Tyson Fury przejdzie do MMA? „Dana, dzwoń do mnie”
Tyson Fury to jedna z najbarwniejszych postaci sportów walki w historii. Były mistrz świata wagi ciężkiej w boksie zasugerował, iż zamierza on podjąć się starcia w MMA.
Brytyjczyk to zdecydowanie nieszablonowa postać. Po zdobyciu pasów federacji WBO, IBO, IBF oraz WBA przerwał on swoją karierę z powodu depresji. „Gypsy King” wrócił w końcu do ringu, ponownie dochodząc do walki o pas, tym razem z Deontayem Wilderem. Starcie to zakończyło się remisem.
Od tego czasu Fury stoczył jeszcze dwie walki w boksie, pokonując swoich rywali. 31-latek wziął także udział w show WWE – SmackDown, gdzie prowadził rywalizację z Braunem Strowmanem. Ostatecznie panowie spotkali się na Crown Jewel, gdzie lepszy okazał się bokser.

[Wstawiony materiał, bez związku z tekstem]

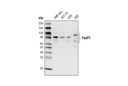 FoxP1 (D35D10) XP Rabbit mAb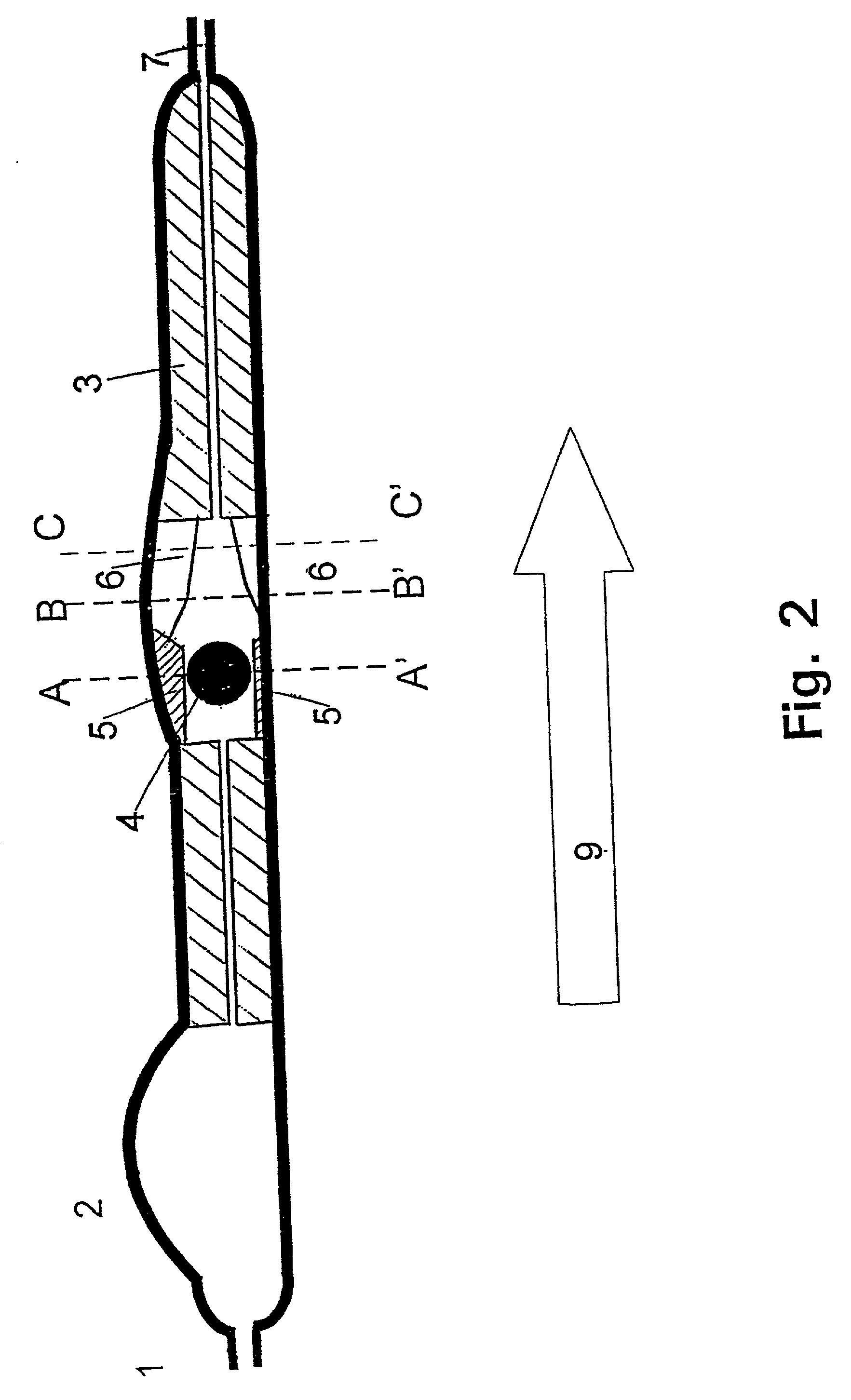 Device for the treatment of hydrocephalus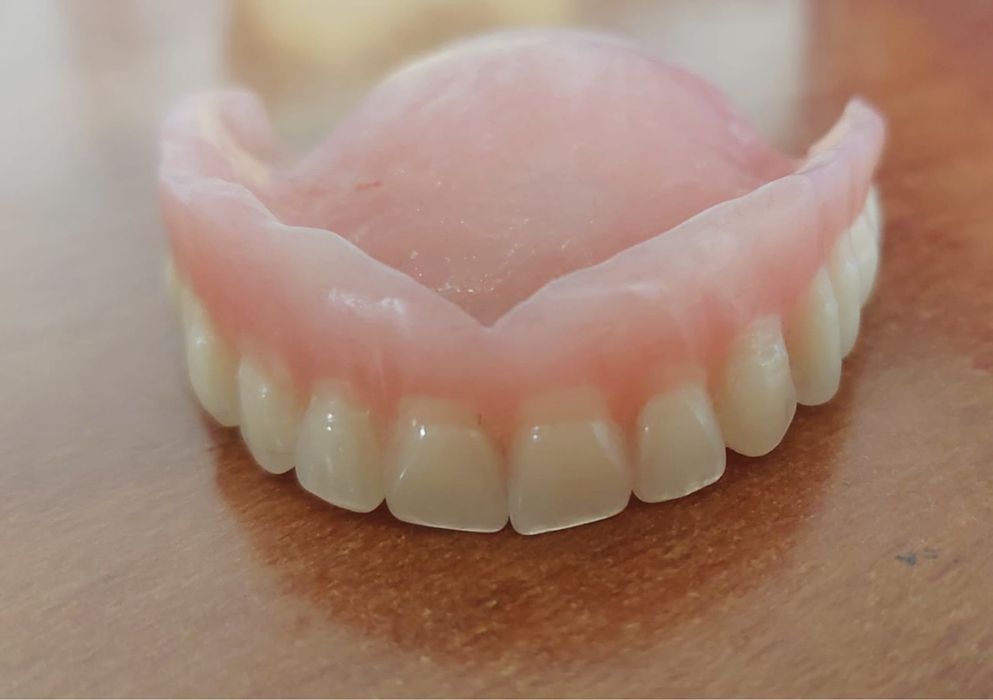 Proteze dentare acrilice totale si partiale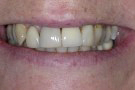 Jenny's Story - Cosmetic Dentistry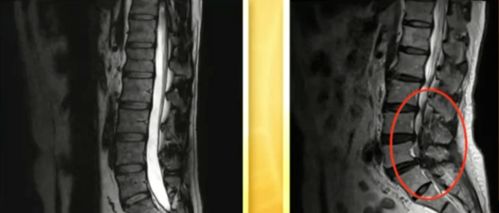 腰突 腰肌勞損 風濕性腰痛,找準一個穴位,每天一貼,貼出鐵腰板兒,從此不再飽受疼痛折磨...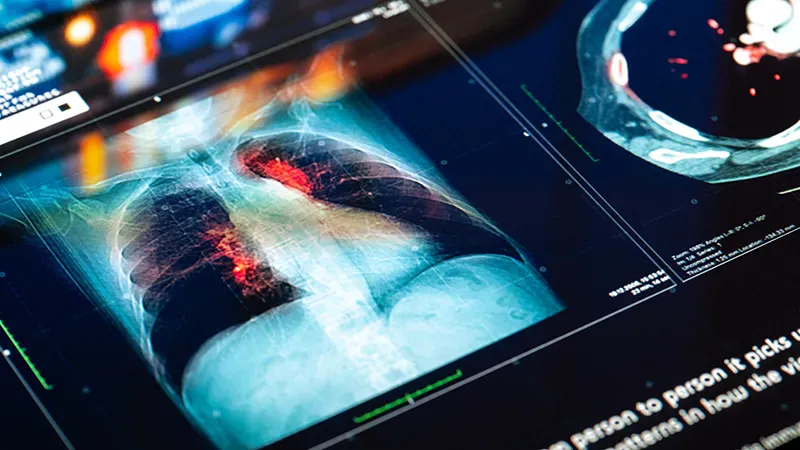Home-based HIIT program boosts fitness in kids with rare lung disease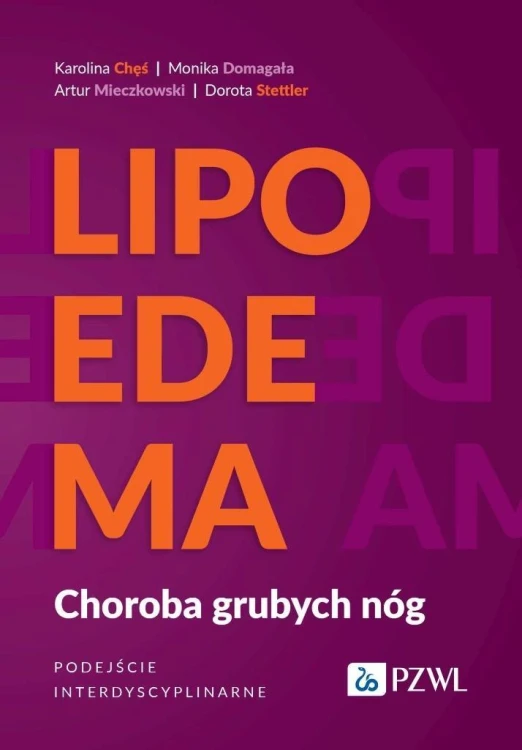 Lipoedema. Choroba grubych nóg, praca zbiorowa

Jak się okazuje, Anglik zamierza wciąż zaskakiwać. Mianowicie Brytyjczyk ogłosił, iż jest skłonny ku temu, by wystąpić w MMA. Jak sam powiedział, w tej sprawie odzywali się do niego Conor McGregor (21-4) oraz Frank Mir (19-13).
Rozmawiałem z Conorem i jesteśmy gotowi na rock and roll. Ponadto otrzymałem wiadomość od Franka Mira, byłego mistrza UFC, który powiedział, że jest zainteresowany współpracą ze mną. Myślę zatem, że możemy coś zrobić. To dobry czas, Dana dzwoń do mnie – powiedział Fury.
„Gypsy King” powiedział także więcej o tym, z kim mógłby walczyć.
Próbuję doprowadzić do wielkiej walki z kimkolwiek. Nie boję się żadnego z nich. Kto jest mistrzem wagi ciężkiej UFC? Stipe Miocić? Pokonał Daniela Cormiera w rewanżu, dobry cios na korpus, pach, pach, zmiótł go. Walczę z nim od razu, nie ma problemu. Albo z Francisem Ngannou. Którymkolwiek z mistrzów wagi ciężkiej. Nie boję się ich. Jestem cygańskim królem. Jestem bokserem, ale jestem też niezłym dupkiem.
Sceptycznie na pomysł pojawienia się 31-latka w MMA patrzy prezydent UFC – Dana White.
Tyson Fury pracował całe życie, by stać się jednym z czterech najlepszych bokserów na świecie. Zarobił on mnóstwo pieniędzy i wszystko wokół niego jest dobre. Po co zatem chciałby spróbować sił w MMA. Nie sądzę, by się to dla niego dobrze skończyło.